Repeat the following data exactly, omitting pictures.

--- DATA EXTRACT ---
────────

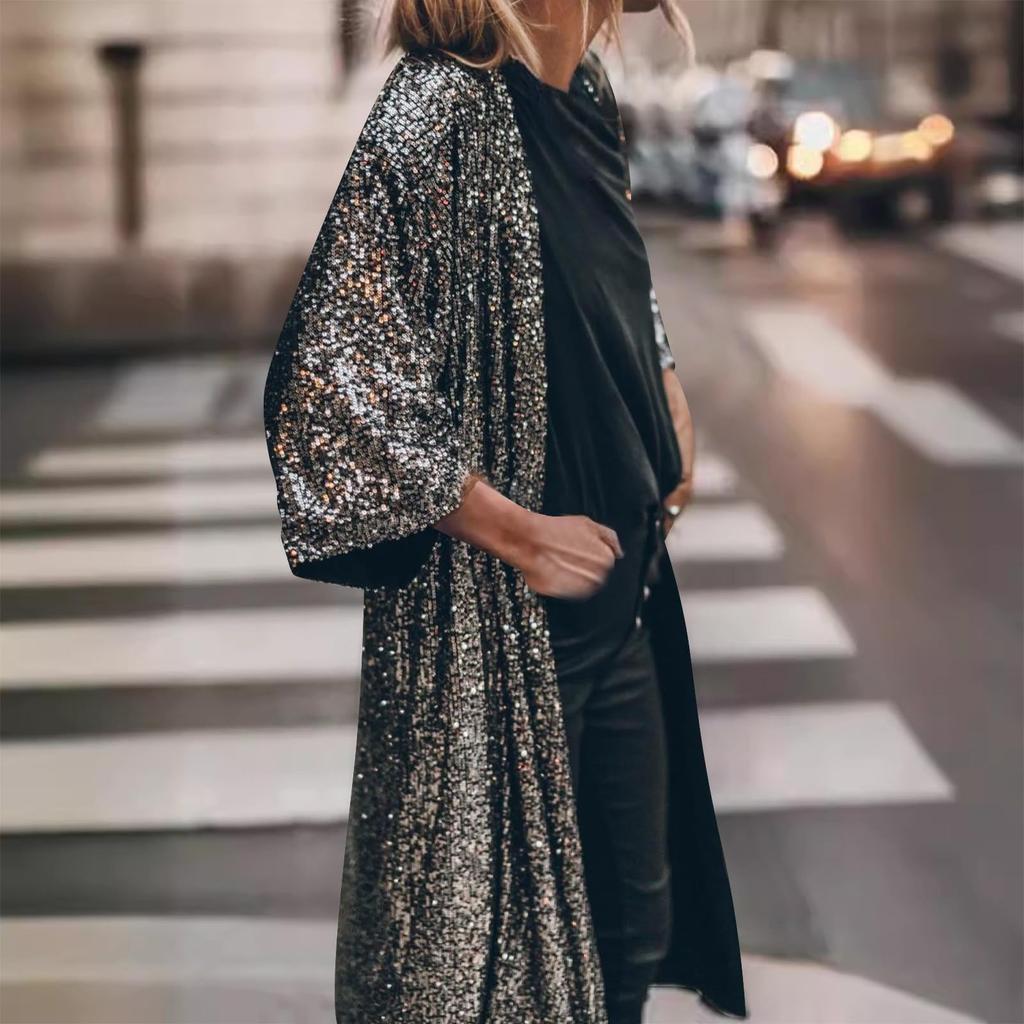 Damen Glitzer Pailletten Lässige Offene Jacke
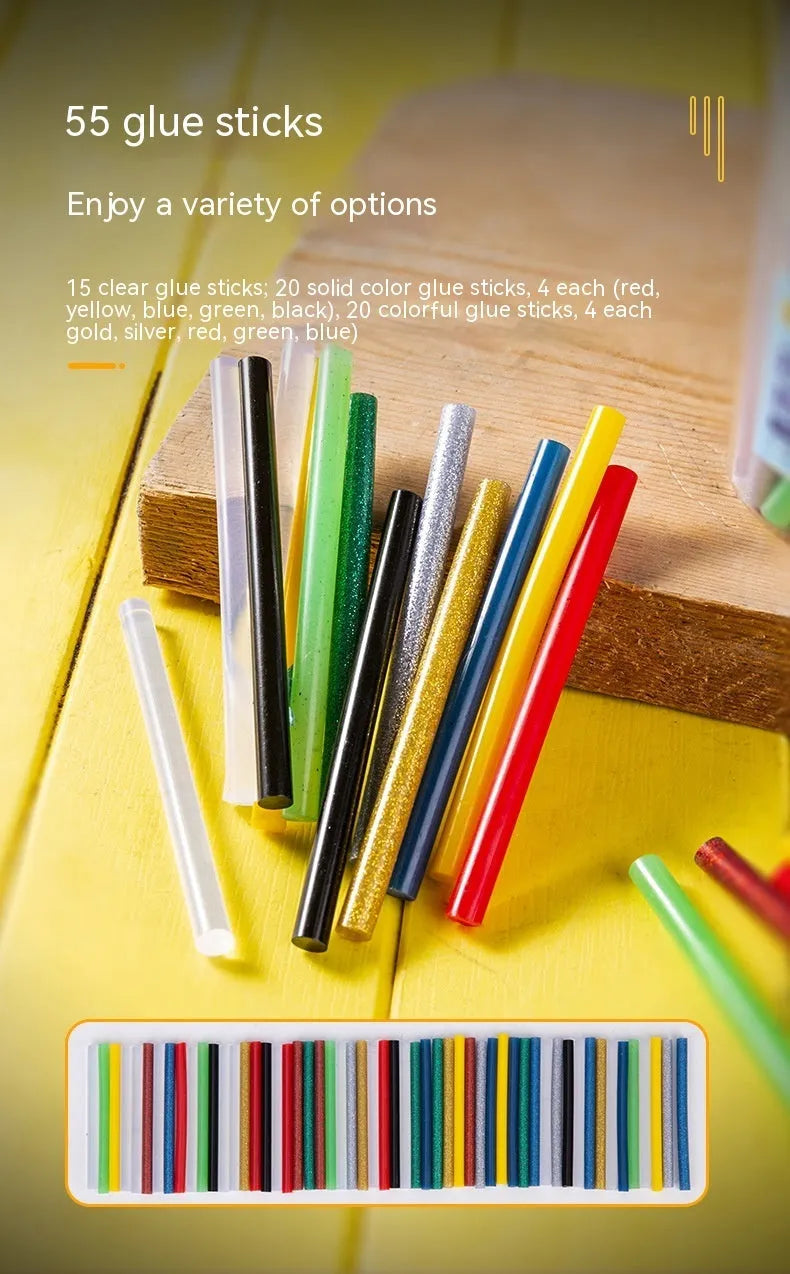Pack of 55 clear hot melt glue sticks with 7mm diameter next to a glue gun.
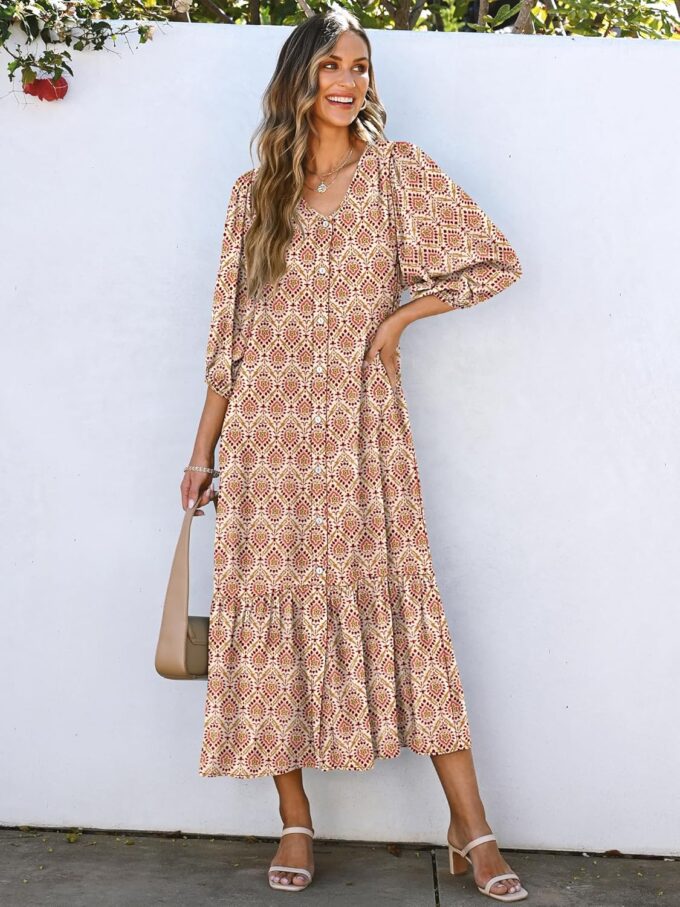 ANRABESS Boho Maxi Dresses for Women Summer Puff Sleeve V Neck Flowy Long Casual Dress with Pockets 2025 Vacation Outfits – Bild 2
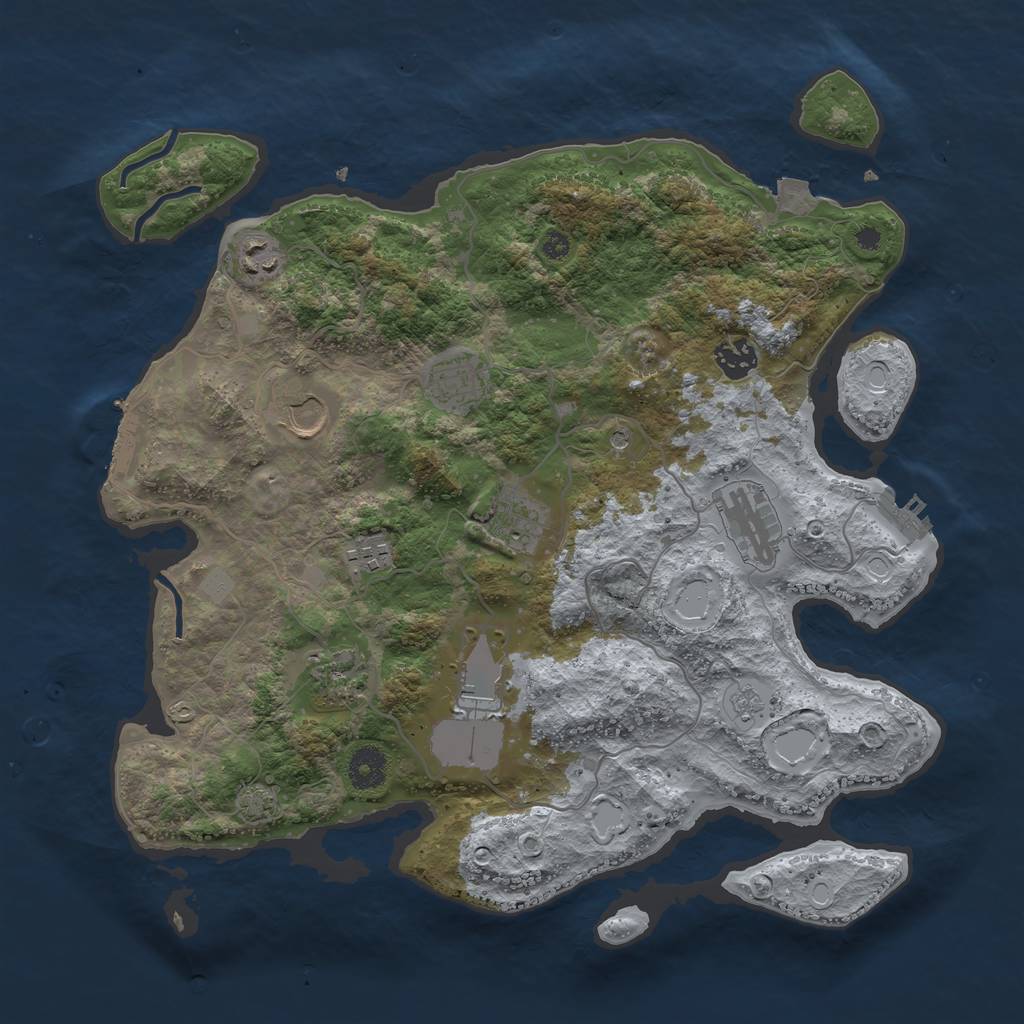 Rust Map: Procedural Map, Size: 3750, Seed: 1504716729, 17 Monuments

────────

--- REPLY ---
 Damen Glitzer Pailletten Lässige Offene Jacke
Pack of 55 clear hot melt glue sticks with 7mm diameter next to a glue gun.
 ANRABESS Boho Maxi Dresses for Women Summer Puff Sleeve V Neck Flowy Long Casual Dress with Pockets 2025 Vacation Outfits – Bild 2
 Rust Map: Procedural Map, Size: 3750, Seed: 1504716729, 17 Monuments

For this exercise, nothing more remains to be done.